Portugal’s corporate debt market is focused on big utilities such as EdP, Portugal Telecom, Galp Energia, the leading oil and gas company, and Brisa, one of Europe’s biggest toll motorway operators, which have gained an international profile as a result of privatisation. State-owned groups such as railway company CP-Caminhos de Ferro Portugueses; rail-track operator Refer; ­Metropolitano de Lisboa, the underground rail service; and Parpública, the state holding company, are also big issuers.

But the overwhelming majority of Portuguese firms lack the dimension to issue debt directly on the international market.

“The average size of Portuguese companies is small and only a few have international ratings,” says Manuel Preto, finance director of Santander Totta, one of Portugal’s top four listed banks. “This means smaller companies are not able to take advantage of direct funding from a wholesale market where it can currently be considerably cheaper for companies to finance themselves than banks.”

Mr Lacerda says: “Portuguese companies are not as dependent on capital markets as they are in countries like the UK or the US. The situation here is more in line with France and Germany where companies rely more on direct links with banks and balance sheet financing as their main source of funding.”

In a climate where the cost of bank credit has soared and availability diminished, more Portuguese companies may be encouraged to seek stock market listings. “This may not be the most appropriate time for initial public offerings,” says Mr Athayde Marques. “But it is the right time for companies to prepare for future IPOs. Otherwise they will not be ready to seize the opportunity when the market recovers.”

There have been three new listings on Euronext Lisbon this year and others are in the pipeline. EdP raised €1.8bn from an offering of 25% its renewable energy arm, EDP Renováveis, in Europe’s biggest IPO this year to date. Citigroup, Morgan Stanley and UBS were joint global co-ordinators and book-runners together with the investment banking arms of Banco Espírito Santo, Millennium BCP and CGD.

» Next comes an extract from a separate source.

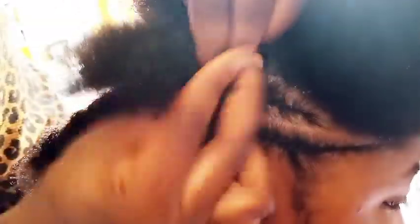Make sure your parting is sharp, can you see? Then apply your cream — any of your choice — just to moisturize the scalp, and go ahead and begin to do the cornrow. Can you see? One is long while another one is short. This is how I achieve the lovely pattern.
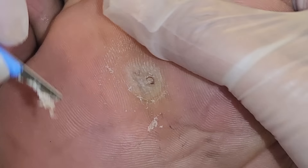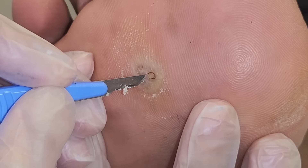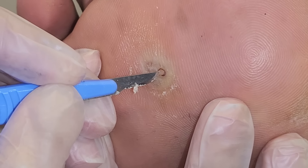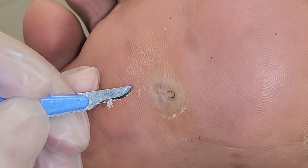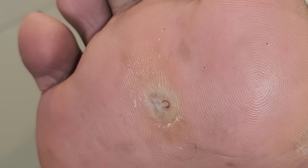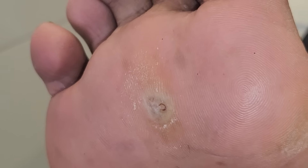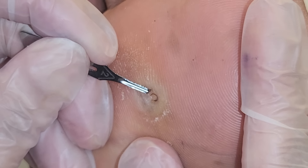Oh, it looks painful. Two different kinds of lesions here. We've got this that resembles a little bit of a corn, but also we can see the little tiny compressed blood vessels and these bits of the verruca. So you could have a combination of both. What I'm going to do is just scoop it out with my number two blade.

But the current liquidity squeeze has increased the hurdle size for most Portuguese companies considering tapping the equity market. “Investors are more willing to play less liquid assets in bull markets when liquidity is not such an issue,” says Mr Luna Vaz. “But an IPO, for example, of 25% of a company that is only worth a total of €200m is very small for an investment community that is increasingly thinking in pan-­European terms.”

Self-funding

While they wait for market conditions to improve, Portugal’s big issuers are funding themselves to a larger extent from cashflow and own resources. But they still remain active in the wholesale debt market. In addition to senior and subordinated debt, they are making greater use in today’s more restrictive climate of bilateral and syndicated loans with maturities of three to five years. Floating-rate notes with similar maturities are common in the private sector and commercial paper programmes are widely used by companies of all sizes.

Portugal Telecom is in the market to finance a €2.1bn share buyback programme that it launched last year in an effort to win shareholder allegiance as it successfully fought off a takeover bid by Sonaecom, a smaller Portuguese competitor. Over the long-term, Galp Energia will be raising finance for large-scale upstream exploration and prospecting investments.

Toll motorway operator Brisa is focusing on project finance funding for specific operations. It has recently been shortlisted for a road concession in Florida known as Alligator Alley that involves the privatisation of 125 kilometres of highway. The company is also expected to bid for more new concessions abroad, including two motorways in Russia in partnership with natural gas giant Gazprom, and a highway construction tender in Turkey.

TAP-Air Portugal, the national airline, has recently spent €460m on six new airplanes as a part of a plan to expand routes and flight numbers, particularly to Brazil and Africa. TAP, whose profits more than tripled last year to €32.8m, uses its planes as collateral to finance debt.